School Lunch Program Results Show Why Government Shouldn’t Dictate What Kids Eat
Daren Bakst / Katie Tubb /
Maybe this is crazy, but the number one dietary concern when it comes to school lunches should be that kids actually eat lunch. For all the pep talks from Michelle Obama about her Let’s Move campaign and regulations from the USDA, it seems that this basic concern has been sacrificed for federal top-down policies that dictate every minutiae of what children should eat. This is the same federal government that was pushing Americans to eat a large amount of carbohydrates as part of the 1992 food pyramid. Unlike the pyramid though, the school lunch program isn’t a recommendation.
The independent Government Accountability Office (GAO) released in February a report on USDA’s changes to the National School Lunch Program for the 2012-2013 school year. These new changes required tighter and more detailed standards on what schools in the program must or cannot serve in order to participate in the program. The USDA is implementing the Healthy, Hunger-Free Kids Act of 2010, which required updated nutrition standards for lunches. These new standards have already led to:
- Decreased student participation: After more than a decade of steadily increasing student participation, the total number of students who ate school lunches dropped by 1.2 million students from the 2010-11 school year to the 2012-13 school year, a decrease of 3.7 percent (Page 15).
- Wasted food: States most frequently cited food waste as a challenge in implementing the USDA’s new requirements for the 2012-13 school year. Foods that students are required to take, particularly fruits and vegetables, are often just thrown away. (Page 25-27) The changes have been so unpopular that in one school district students at a middle school and a high school held a 3-week boycott of school lunch.

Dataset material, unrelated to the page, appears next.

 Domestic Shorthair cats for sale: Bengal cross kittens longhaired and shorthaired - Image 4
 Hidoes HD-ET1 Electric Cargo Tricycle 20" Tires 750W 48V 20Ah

- Schools leaving the program: Three hundred and twenty-one School Food Authorities administering school district lunch programs in 42 states left the National School Lunch Program for the 2012-2013 school year. Twenty-seven of these states reported the new requirements were a factor in their decision. (Page 23) If taxpayers are forced to pay $11.6 billion as they did in 2012 for the school lunch program, it should at least be effective and certainly not so problematic that schools believe they are better off leaving the program.
GAO did conclude that the challenges “are expected to improve with the passage of time.” (Page 49). That really isn’t saying much given the scope of the problems. No amount of time is going to fix the inherent flaws of trying to impose extremely costly cookie-cutter standards that ignore the unique needs of students and restrict local school districts from providing healthy choices that will appeal to their students.